Author: Nathan Willis

A couple of weeks ago I wrote an article explaining how to migrate your email and addressbook from Ximian Evolution to Mozilla Thunderbird. You might think that this is a straightforward operation, but it isn’t. The tools and instructions are below the standards set by other modules in the same programs. Somewhere in the midst of the ordeal, I asked myself why I was going to all this trouble. In a moment of clarity, the answer hit me: users don’t care about software, they care about data. And any free software developer who doesn’t grasp the significance of that fact runs the risk of failure.

The distinction between software and data might sound minor, but it couldn’t be bigger. I had no allegiance to Ximian Evolution before, and I have none to Mozilla Thunderbird now. My interest lies solely with the contents of my email archive and addressbook. I switched clients because Thunderbird is easier to use and let me make more productive use of my data. Should some other email client eclipse Thunderbird in that regard, I’d start using it instead.

I only hope that when that time comes, exporting my messages and contact information will be much easier. Unfortunately, it seems like providing smooth data import and export paths is something that free software doesn’t handle well. That’s too bad, because ignoring data export is only going to hinder adoption.

Granted, there are some programs that are data-centric and some that are not. Web browsers, for instance, store very little data, and rarely are you interested in revisiting your previous sessions — you may visit the same Web sites, but you do so to see what’s new there, not what is old.

On the other end of the spectrum are scientific applications that deal directly with data manipulation and interpretation, where the data is all-important. In between lie most office and desktop applications — word processors both create documents and access your existing documents, for instance. Spreadsheet programs are more data-centric since they re-examine the same spreadsheets many times. Email clients are also data-centric; in the work environment we need to reference old emails repeatedly, and we use them to organize communications that we want to keep in a structured way.

In working with graphics editors, desktop publishing apps, and Web-based content-management systems, I find almost none that can export to anything besides its native format, and none of them makes even that simple.

Some developers clearly do understand the importance of exporting the data. Every new release of Gnumeric, for example, highlights improvements in import and export filters for the Excel format. And Quicken compatibility is a top priority for GnuCash. So why is it that so many free software projects let data import and export functionality fall through the cracks?

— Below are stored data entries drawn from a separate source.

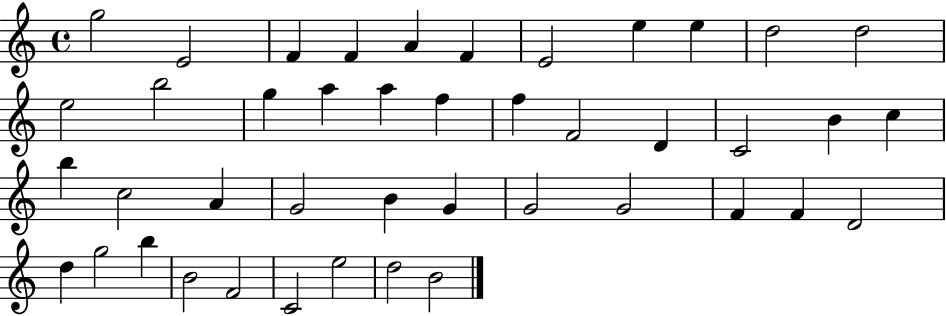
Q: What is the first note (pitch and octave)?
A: G5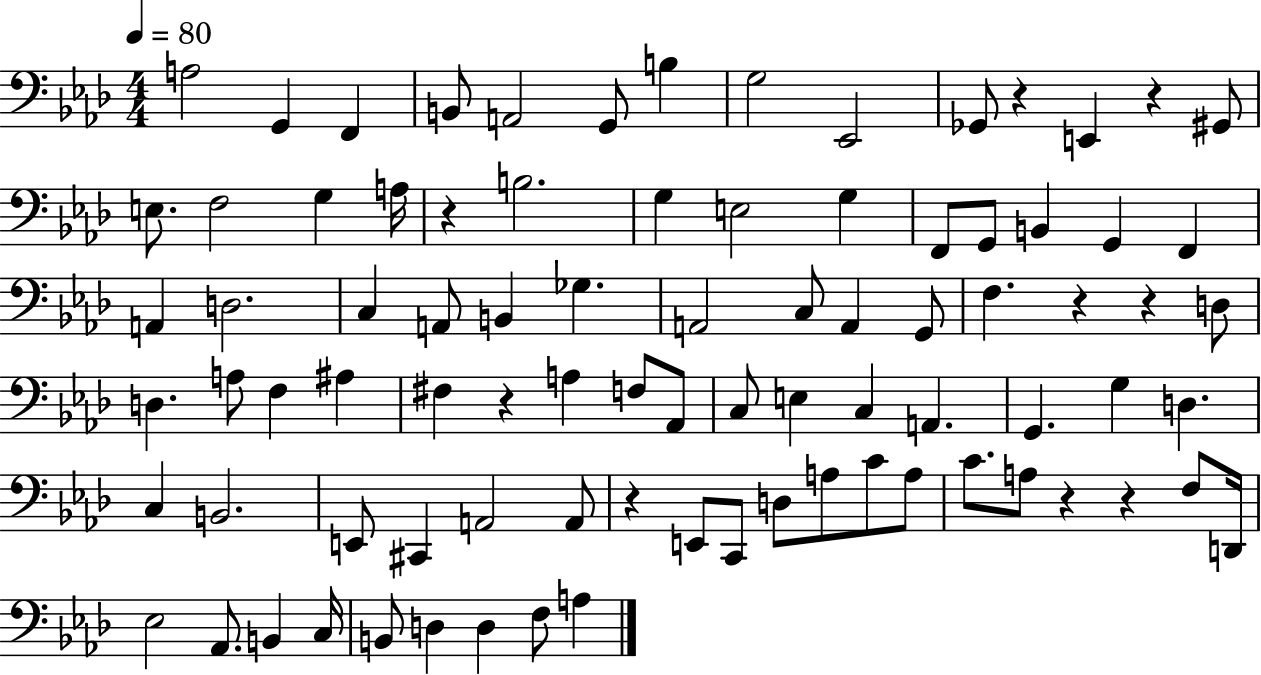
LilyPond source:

{
  \clef bass
  \numericTimeSignature
  \time 4/4
  \key aes \major
  \tempo 4 = 80
  a2 g,4 f,4 | b,8 a,2 g,8 b4 | g2 ees,2 | ges,8 r4 e,4 r4 gis,8 | \break e8. f2 g4 a16 | r4 b2. | g4 e2 g4 | f,8 g,8 b,4 g,4 f,4 | \break a,4 d2. | c4 a,8 b,4 ges4. | a,2 c8 a,4 g,8 | f4. r4 r4 d8 | \break d4. a8 f4 ais4 | fis4 r4 a4 f8 aes,8 | c8 e4 c4 a,4. | g,4. g4 d4. | \break c4 b,2. | e,8 cis,4 a,2 a,8 | r4 e,8 c,8 d8 a8 c'8 a8 | c'8. a8 r4 r4 f8 d,16 | \break ees2 aes,8. b,4 c16 | b,8 d4 d4 f8 a4 | \bar "|."
}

Some developers are wary of the idea because they worry that if they make it too easy to migrate away from their software, they will encourage users to abandon what they are working so hard to develop. That amounts to holding users hostage, and is more likely to be an issue in the proprietary software world. Even so, Microsoft Outlook offers more export options than Mozilla Thunderbird does, and surely that company has a greater vested interest in locking in its customers.

From the mailing lists I read, it seems more common that free software developers don’t think about the ease of data export often because they tend to develop software that they personally love to use every day. If the developers aren’t going to leave their program for the alternatives, then data export tends to stay on the back burner. “Let’s just get the code working,” they say, “and worry about that later.”

By the same token, but more subtly, when you’re writing software yourself, it tends to take on the shape that you find most useful, so you are unlikely to ever notice the need for a good export system because the functionality is important to you is probably already in the code.

Everyone knows that that is shortsighted, but unintentional. But don’t forget: there are plenty of scenarios where a user needs to export his data en masse other than abandoning one program for another. We’re all supposed to make backups, after all, but how easy is that? You can back up your home directory and the email will tag along, but then if you need to restore it to another machine entirely, you’ll have to move mbox files by hand. Then there are hardware upgrades (and even some software upgrades) that demand starting over. It could be that the program the user is trying to migrate his data to is in fact a more recent revision of the program he’s migrating from.

You can’t count on anyone continuing to use an application out of love or fascination — people will use whatever program gives them the best access to the data they care about. Nowhere is that more true than with free software, where users have no financial investment to make them resistant to switching. Providing easy data import from competing software is part of that access. And as risky as it sounds, so is providing easy data export.